We have this mentality, particularly in America, that you have to have a certain kind of muscled or slender body to be fit. But muscles can be highly specialized. Every kind of fitness will result in different muscles developing and I actually recommend diversity in your movement practice. You don’t have to be a bodybuilder to be fit and artificially inflating the size of your muscles doesn’t mean you’re strong.


Body image shapes our mental state a lot more than we think. It’s not just the outside shape that others see, but how we feel internally. Excess weight literally drags us down, while ache and pain from inaction becomes chronic and sublimated into a constant bad mood. Our bodies are designed to move. In a not so ancient past, humans were the greatest hunters on the Earth. We literally walked our prey to death.
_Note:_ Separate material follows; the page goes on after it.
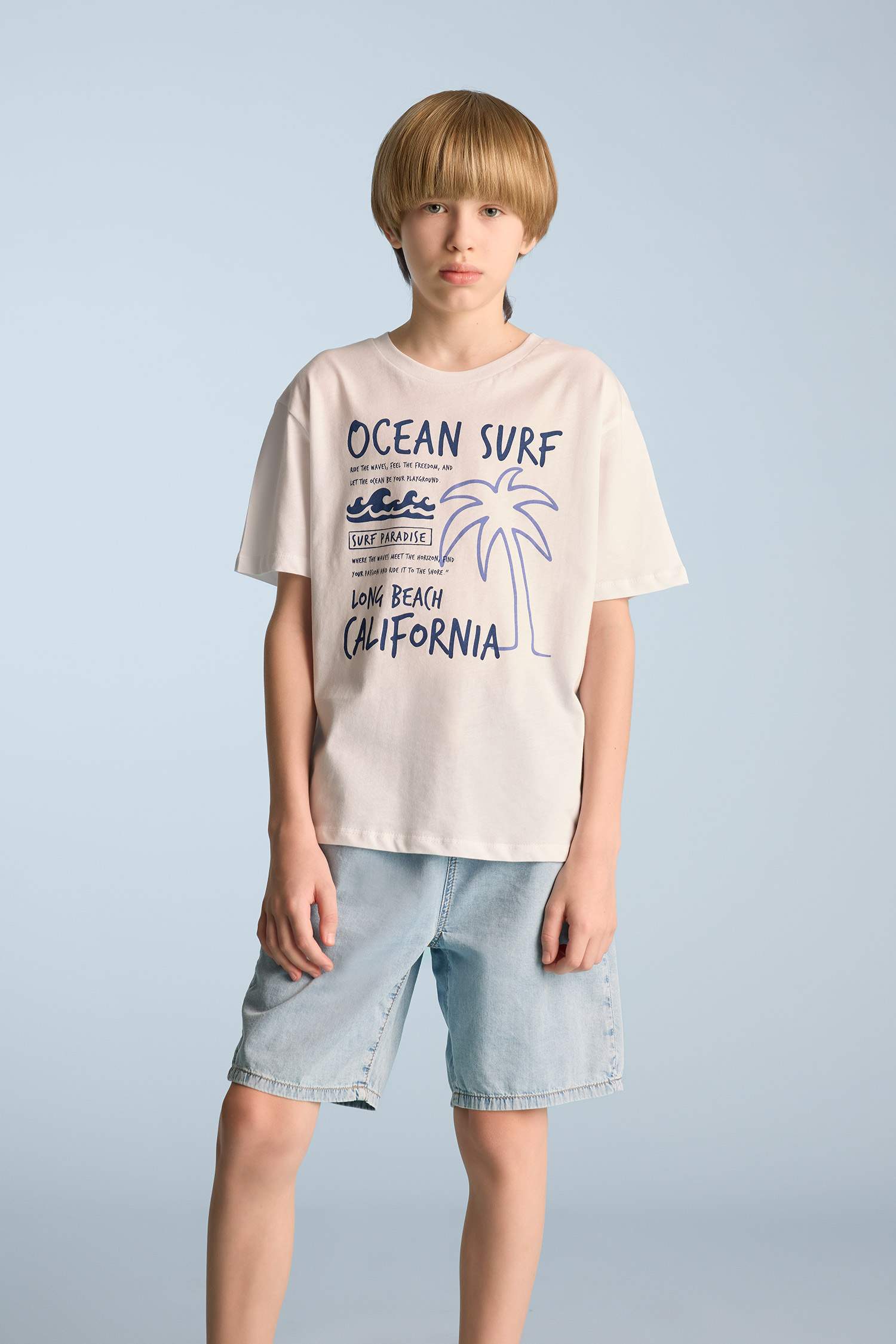 T-shirt imprimé à manches courtes et col rond pour garçon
We are not so distant from our origins to ignore the need to move and we don’t attribute that need to how it impacts our mental state at all.


In the course of my movement and fitness journey I’ve pushed myself to get over practicing in public. Looking like an idiot as I try to jump over a railing and trip in front of pedestrians. Struggling to do a pushup on the grass of a public park. But it has helped me immeasurably to connect my mind and body, focus my breathing and feel more myself for moments without a constant nagging worry about everything and I think if you try it, and try again and again to find what will work for you. Movement can help you too.